Applying rules to solve the problem

 

Now let us see the sequence of rules applied for the solution.

1.	8-0-0	->	3-5-0	(rule 8, X+Y =8 > 5)
2.	3-5-0	->	3-2-3	(rule 4, Y + Z = 5 > 3)
3.	3-2-3	->	6-2-0	(rule 10, X +Z =6)
4.	6-2-0	->	6-0-2	(rule 1, Y+Z = 2 < 3)
5.	6-0-2	->	1-5-2	(rule 8, X + Y = 6 >5)
6.	1-5-2	->	1-4-3	(rule 2, Y + Z = 7 > 3)
7.	1-4-3	->	4-4-0	(rule 10, X + Z =4)

 

Can you guess the types of components required for solving a problem using a state space? Let us list down.

 

1. Not all rules are used in solving the problem in a typical way. For example rule 3,5,6,7 and 9 are not applied in the proposed solution sequence. Anyway, they may be needed in solving some other problem involving the three jugs. Which rules are needed and which are not for a given case is hard but one needs to have at least a temporary set to begin with. One can continue augmenting it when there is a need.

2. A clear indication of what consists of start and end state(s) and also clear indication of what are valid states, in other words, a clear definition of a stat space for a given problem.

3. A set of rules to provide legal movement in state space.

4. A data structure (in our case a vector with three integer values) for indicating current state. When a typical rule is applied, this data structure changes to hold the new state as a result of application of this rule.

5. A logic which changes the state as per the applied rule, something which help the current vector value to change to a new vector value.

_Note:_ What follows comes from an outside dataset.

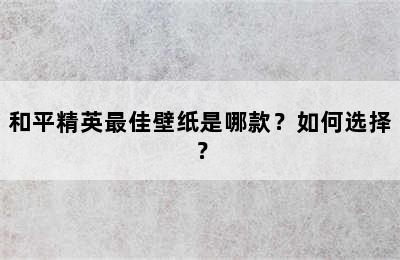 和平精英最佳壁纸是哪款？如何选择？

6. When more than one rule is applicable, a mechanism to decide which rule to be applied.

 

Last three requirements sound exaggerating, especially looking at the problem at hand. It is not really if one looks at real problem. Consider an auto navigator problem which helps the driver to navigate to the destination. How on earth, the navigator represents the problem itself (the data structure design)? Consider frames coming from various cameras in from various places in the car, its speed and other measurements coming from various gauges implemented on the dashboard, information coming from app like map and so on. The data structure is going to be a huge challenge, especially while considering the real time navigation requirements. When a driver decides to take a left turn while the program is deliberating over going straight or taking a right turn (due to some obstacle or police restrictions auto driver is not aware of), changing the landscape that fast is an equally difficult challenge.

 

In fact the requirement no 6 is daunting even for our trivial case. Consider our seven step solution. In many cases, the solution could have gone in different direction had we apply another rule there. For example in case of 4th step, we could have applied rule 9, 8, 6 etc but we chose rule 1, why? How do we know that rule 1 is more likely to lead to the solution?

 

In fact, the problem was so trivial that we could solve it manually and decide the next move based on the manual solution. Solving a problem that way is cheating as the program does not decide but the designer decides the next move. Such a cheating is not advisable for two reasons. The program acts like a dumb following designer’s instructions which we do not want. We want a program which can decide like human being. Second, such a cheating cannot help solve real world problems like chess. How can we decide each possible move sequences in chessa priory and encode them? Not only a human cannot enter all such move sequences, even if one somehow gathers them, it would be a non-trivial problem to store such a huge volume of data and also search such humongous database in real time.